Monday, February 6, 2012

My Ancestor and Her Great Escape to Freedom!

This is an image from Video of Slavery in Pittsburgh (Scroll  down to view the video)

Earlier today I got an email from a professor Tom Wing at the University of Arkansas, Ft. Smith. He mentioned that I might be interested in a site that he had found discussing a video that would probably interest me. The video was about an exhibition held at the University of Pittsburgh.  I watched the video---and then halfway through the video----there it was---a reference to a woman-----one of my ancestors!!!!


The story is a simple one. 

While on a trip to Virginia with his wife and her slave girl, John Drennen of Van Buren Arkansas spent a night at the Monangahela House in Pittsburgh.

The Monangahela House, Pittsburgh
Image: Courtesy of Samuel Black Curator, 
African American Collections, Senator John Heinz History Center

The staff of the hotel had waiters and maids who worked there as part of the population of free people. Many such people from the community were active with the Underground Railroad. The story is simple---the girl was exposed to a community of free blacks for the first time, and quite easily, seeing people of color coming and going freely it is not hard to imagine that she was easily enticed to sample freedom herself. It was said that she was sent to sleep in the servant's quarters.

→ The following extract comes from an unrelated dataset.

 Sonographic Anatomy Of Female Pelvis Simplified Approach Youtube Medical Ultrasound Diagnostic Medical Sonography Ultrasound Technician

A panel describing the Drennen Slave Girl and her opportunity to escape

After assisting the mistress in dressing for dinner, the young girl had requested that a trunk of clothes that had been damaged to be sent out for repair. After attending to Mrs. Drennen, the girl attended to the trunk needing repair. She followed the servants carrying the trunk out to the street, and she disappeared.

Depiction of  the Drennen Slave Girl and her opportunity to escape


Seeing this image struck me. Although this is a mere representation --- this was a dramatization that gave this young girl a face.  She was originally part of the Drennen family of slaves--and she is believed to have been the younger sister to my  gr. gr. grandfather Patrick Drennen.

And seeing this representation of her--the young teenaged girl that she was I cannot help but be moved---she was so tender in age, yet so vulnerable, and so unexposed to the world. She had to now trust those who would  assist her on this new journey, and she would remain vulnerable to so many unknowns. But--the word eventually got back---she made it to freedom! It is not known how long the Drennen's sought her return, but with slaves being considered slaves for life, into perpetuity, she was most likely still considered simply to be "missing" property.

In Arkansas, she was more than likely the young girl reflected in the Drennen household in the 1850 Slave Schedule. 


Image: Slave Schedule 1850, Crawford County Arkansas, Van Buren Township The red arrow is believed
to be the young girl who escaped from the Drennen Household While Traveling With Drennens in Pennsylvania

It should be noted that The Drennen home is the only home in the entire state of Arkansas continually occupied by the same family from the time it was built until it was recently sold to the University of Arkansas. 
The home itself is a simply one-story structure that sits on 26 acres. No one other than members of the Drennen family or Drennen family descendants have ever lived in the home. Patrick and his sister and his family lived mostly likely close by in servants' quarters, or possibly in one of the many additional structures on the ground.

Source: Southwest Times Record May 8, 2011, Features Section

I have visited the home several times. The first time, a friend and fellow researcher Tonia Holleman a well respected historian and resident of Van Buren, took me there for the first time. It was, in fact it was she, who educated me on who the Drennen family was.  I only knew the name of John Drennen from the depositions of my gr. gr. grandmother Lydia, whose husband was Patrick who lived on the estate. And it was Ms. Holleman introduced the Drennen family history to me, and I shall always be grateful to her for the information that she shared.

I have met some of the Drennen descendants on more than one occasion, and last year at the dedication of the newly restore Drennen home, I met several more. In honor of  my gr. gr. grandfather Patrick, and his family, I was there for the dedication.

I like to think that also on that day,--a young woman smiled down from the heavens--this same young girl who made her escape to Freedom, I like to thing that she too was also present that day, as she and her family were represented as having been there, too.

Did this anonymous  young girl return to America? 

Image from Exhibition on the Great Escape of my ancestor

I don't know. But it would be about 15 years before she could have ever safely returned to a life of freedom in the United States. My only hope is that she thrived, and she lived to pass her story down.

Quite possibly she adapted to life, probably in Ontario, possibly in the black Canadian settlement of Buxton. But wherever she landed, she breathed fee air, and with time, all of her family did.

I knew only a small part of her story, and I never realized however, that her story would be considered one of America's great escapes!! But it was, a great escape, and I know that she found a new life and found her way.

5 comments:

Ms Vicky said...

What a wonderful story Angela! I am sure your ancestor is smiling along with all the others who are surrounding her.
Blessings my friend..

Kristin said...

What a great story! My uncle by marriage was Canadian. He told a similar story of how his family ended up in Canada. He said the slave owners kept taking his ancestors on trips to the north and they kept escaping to Canada. I don't know if he was kidding or not. He was a Shreve and they lived in the Windsor area.

Kathy Reed said...

I followed a link from Kristin of Finding Eliza to this post. What a great story. I'm glad I followed the link.

LindaRe said...

She made it to freedom! What an inspirational story.

Randell said...

What a great moment this must have been for you! An incredible story to say the least.